2.25      The action body would have to comply with any requirements determined by the minister's legislative instrument.[19] The Explanatory Memorandum provides a useful exploration of what this might entail:

The legislative instrument may specify requirements as to the manner of consultation and matters to be deal with through consultation. It may, for example, require the action body to hold one or more face‑to‑face meeting[s] with native title claimants or body corporate[s] who have requested consultation, provide translators during consultation, or address issues of the design, location and nature of the proposed act. The Commonwealth Minister will be able to refine these requirements in light of the experiences of action bodies and native title parties over time and having regard to differing projects and community circumstances.[20]
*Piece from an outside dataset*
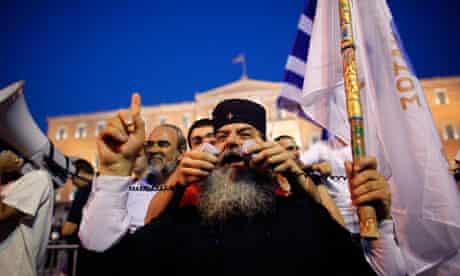 Greek Orthodox monk speaks to protesters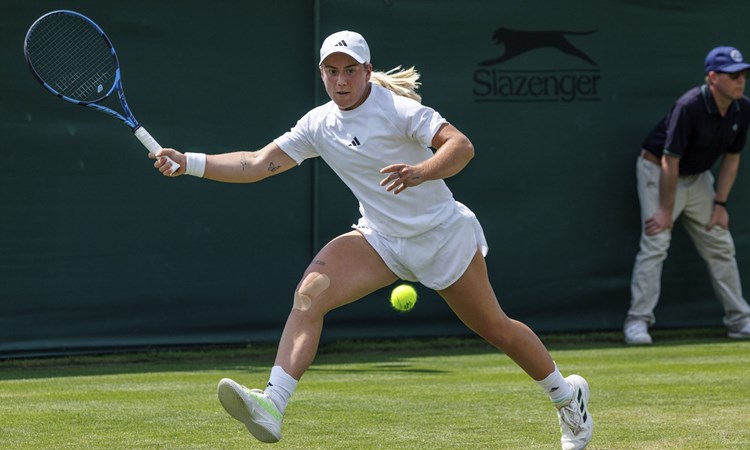Sonay Kartal (GBR) playing against Suzan Lamens (NED) in the first round of the Ladies’ Singles Qualifying Competition at the Wimbledon Qualifying and Community Sports Centre, Roehampton. The Championships 2024. Day -6 Tuesday 25/06/2024.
2.26      In the second reading speech, the Attorney‑General told the parliament:

The new process strikes a balance between the urgent need to engage meaningfully with native title parties and protect native title rights and interests. It also contains important safeguards to ensure genuine consultation with native title parties. It sets in place a framework for meaningful engagement with key stakeholders in decisions about housing and other services for Indigenous communities.[21]
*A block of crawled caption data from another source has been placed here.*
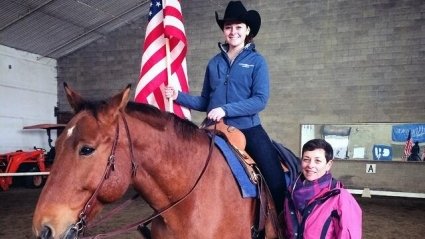 Sabrina Fox ’18, shown with her mother Anne Fox, rides the horse Viktor during the national anthem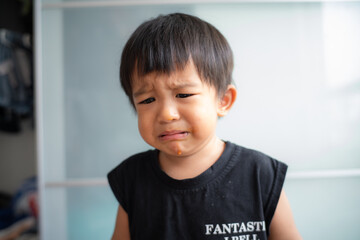 Little boy sad offended crying in house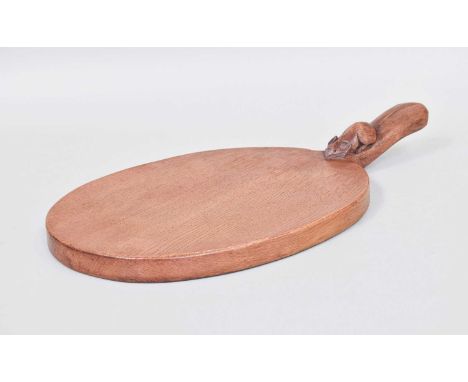 Workshop of Robert Mouseman Thompson (Kilburn): An English Oak Cheese Board, post 1960, of standard form, with carved mouse t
2.27      The Bill would also require the action body to provide the minister with a written report on the things done in compliance with notice and consultation requirements for each proposed future act. The report would have to comply with any requirements determined, by legislative instrument, by the minister. Again, the Explanatory Memorandum indicates the potential breadth of any such instrument:

The instrument may, for example, require the report to cover information as to whether or not a claimant or body corporate requested to be consulted, and whether or not comments were received by the action body in relation to the act.  It may also outline the steps taken by the action body to consult with native title parties about the proposed act, for example whether a meeting was held with claimants and bodies corporate.[22]

2.28       There would be no requirement for the minister to publish the report.[23]

2.29      The remaining provisions proposed in item 3 of the Bill relate to procedural requirements concerning multiple action bodies, multiple future acts and definitions of consultation period and registered native title rights and interests.[24]

2.30      The definition of consultation period provides for consultation to have occurred two months after the notification day if no requests for consultation are received in the required time. If one or more claimants or bodies corporate have requested to be consulted about the future act, the period ends four months later, or at such earlier time as each party notifies in writing that it has been consulted (but not earlier than two months).

2.31      According to the Attorney‑General's Department and FaHCSIA in their joint submission:

This time‑frame compares favourably with the existing 'right to negotiate', which allows a minimum of six months for parties to negotiate and reach agreement on a broad range of matters including royalty‑like payments, and with the time periods under which extensive housing related community engagement has been conducted under the Strategic Indigenous Housing and Infrastructure Program.[25]

Just terms compensation for acquisition of property

2.32      Item 8 of the Bill would provide for just terms compensation for any acquisition of property that might result from enactment of the Bill. The item states that if the operation of the Act would result in an acquisition of property (to which section 51(xxxi) of the Constitution applies) from a person otherwise than on just terms, the Commonwealth is liable to pay a reasonable amount of compensation to the person. If the amount of compensation is not agreed, the person may institute proceedings in a court of competent jurisdiction for a determination of reasonable compensation.[26]

2.33      Throughout the inquiry, submissions and witnesses raised concerns in relation to some key provisions of the Bill. Chapter 3 discusses these concerns.